[Raw data — start]
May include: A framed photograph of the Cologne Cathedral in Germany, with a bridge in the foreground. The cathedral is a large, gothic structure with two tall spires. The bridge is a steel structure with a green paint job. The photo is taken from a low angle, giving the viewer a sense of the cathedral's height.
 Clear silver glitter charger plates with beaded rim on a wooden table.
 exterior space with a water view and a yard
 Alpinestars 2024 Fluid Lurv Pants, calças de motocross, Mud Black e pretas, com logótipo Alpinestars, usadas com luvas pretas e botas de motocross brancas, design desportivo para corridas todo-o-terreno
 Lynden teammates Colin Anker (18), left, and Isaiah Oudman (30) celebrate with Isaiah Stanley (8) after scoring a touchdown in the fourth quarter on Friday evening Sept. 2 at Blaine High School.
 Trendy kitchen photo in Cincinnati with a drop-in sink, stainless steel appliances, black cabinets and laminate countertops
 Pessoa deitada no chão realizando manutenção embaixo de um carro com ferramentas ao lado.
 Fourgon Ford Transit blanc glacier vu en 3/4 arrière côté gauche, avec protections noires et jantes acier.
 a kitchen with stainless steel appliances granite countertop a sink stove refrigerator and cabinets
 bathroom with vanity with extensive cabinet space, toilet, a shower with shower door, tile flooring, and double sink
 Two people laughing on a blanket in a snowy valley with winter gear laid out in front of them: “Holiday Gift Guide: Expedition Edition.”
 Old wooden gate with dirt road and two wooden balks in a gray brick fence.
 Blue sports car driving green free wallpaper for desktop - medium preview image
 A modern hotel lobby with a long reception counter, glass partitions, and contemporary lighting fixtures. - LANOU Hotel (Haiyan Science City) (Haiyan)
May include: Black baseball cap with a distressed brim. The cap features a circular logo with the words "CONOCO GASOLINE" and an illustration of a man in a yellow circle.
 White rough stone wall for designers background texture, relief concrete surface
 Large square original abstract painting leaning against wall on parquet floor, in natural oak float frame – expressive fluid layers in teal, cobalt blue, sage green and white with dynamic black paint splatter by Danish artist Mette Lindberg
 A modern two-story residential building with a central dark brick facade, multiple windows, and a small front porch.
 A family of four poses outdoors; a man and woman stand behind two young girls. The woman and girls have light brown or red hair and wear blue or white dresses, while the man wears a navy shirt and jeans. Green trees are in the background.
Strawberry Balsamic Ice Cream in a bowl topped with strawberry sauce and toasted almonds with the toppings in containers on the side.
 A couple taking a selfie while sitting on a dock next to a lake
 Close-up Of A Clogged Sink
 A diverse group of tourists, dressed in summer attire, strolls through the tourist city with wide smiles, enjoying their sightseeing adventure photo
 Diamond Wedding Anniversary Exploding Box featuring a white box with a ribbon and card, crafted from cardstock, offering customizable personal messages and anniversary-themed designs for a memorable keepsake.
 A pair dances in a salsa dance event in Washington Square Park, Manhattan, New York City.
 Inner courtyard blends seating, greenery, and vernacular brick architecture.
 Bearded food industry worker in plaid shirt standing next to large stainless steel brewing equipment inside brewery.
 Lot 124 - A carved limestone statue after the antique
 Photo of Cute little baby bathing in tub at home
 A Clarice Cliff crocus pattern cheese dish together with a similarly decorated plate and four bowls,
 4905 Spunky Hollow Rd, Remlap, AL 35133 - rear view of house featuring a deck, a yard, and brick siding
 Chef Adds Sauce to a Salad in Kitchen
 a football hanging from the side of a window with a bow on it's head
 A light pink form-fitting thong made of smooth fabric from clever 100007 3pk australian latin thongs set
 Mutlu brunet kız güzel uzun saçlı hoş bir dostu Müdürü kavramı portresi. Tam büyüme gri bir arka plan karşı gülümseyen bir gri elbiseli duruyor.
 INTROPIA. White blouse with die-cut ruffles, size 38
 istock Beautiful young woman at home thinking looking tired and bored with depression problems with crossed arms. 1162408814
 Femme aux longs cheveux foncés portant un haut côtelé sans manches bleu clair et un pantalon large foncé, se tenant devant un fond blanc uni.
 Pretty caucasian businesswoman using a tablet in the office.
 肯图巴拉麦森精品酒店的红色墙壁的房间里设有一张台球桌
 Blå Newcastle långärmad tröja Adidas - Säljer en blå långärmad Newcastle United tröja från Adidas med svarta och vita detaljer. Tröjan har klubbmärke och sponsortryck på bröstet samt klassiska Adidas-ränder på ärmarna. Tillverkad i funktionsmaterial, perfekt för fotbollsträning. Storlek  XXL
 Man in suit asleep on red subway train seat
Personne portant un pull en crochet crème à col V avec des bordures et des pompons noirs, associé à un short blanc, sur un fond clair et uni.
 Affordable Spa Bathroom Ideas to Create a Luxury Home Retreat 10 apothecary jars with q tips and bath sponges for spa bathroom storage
[Raw data — finish]
In the listing above, find the line containing "Pessoa deitada no" and the line containing "A modern hotel", then repeat those two lines and everything between them exactly.

 Pessoa deitada no chão realizando manutenção embaixo de um carro com ferramentas ao lado.
 Fourgon Ford Transit blanc glacier vu en 3/4 arrière côté gauche, avec protections noires et jantes acier.
 a kitchen with stainless steel appliances granite countertop a sink stove refrigerator and cabinets
 bathroom with vanity with extensive cabinet space, toilet, a shower with shower door, tile flooring, and double sink
 Two people laughing on a blanket in a snowy valley with winter gear laid out in front of them: “Holiday Gift Guide: Expedition Edition.”
 Old wooden gate with dirt road and two wooden balks in a gray brick fence.
 Blue sports car driving green free wallpaper for desktop - medium preview image
 A modern hotel lobby with a long reception counter, glass partitions, and contemporary lighting fixtures. - LANOU Hotel (Haiyan Science City) (Haiyan)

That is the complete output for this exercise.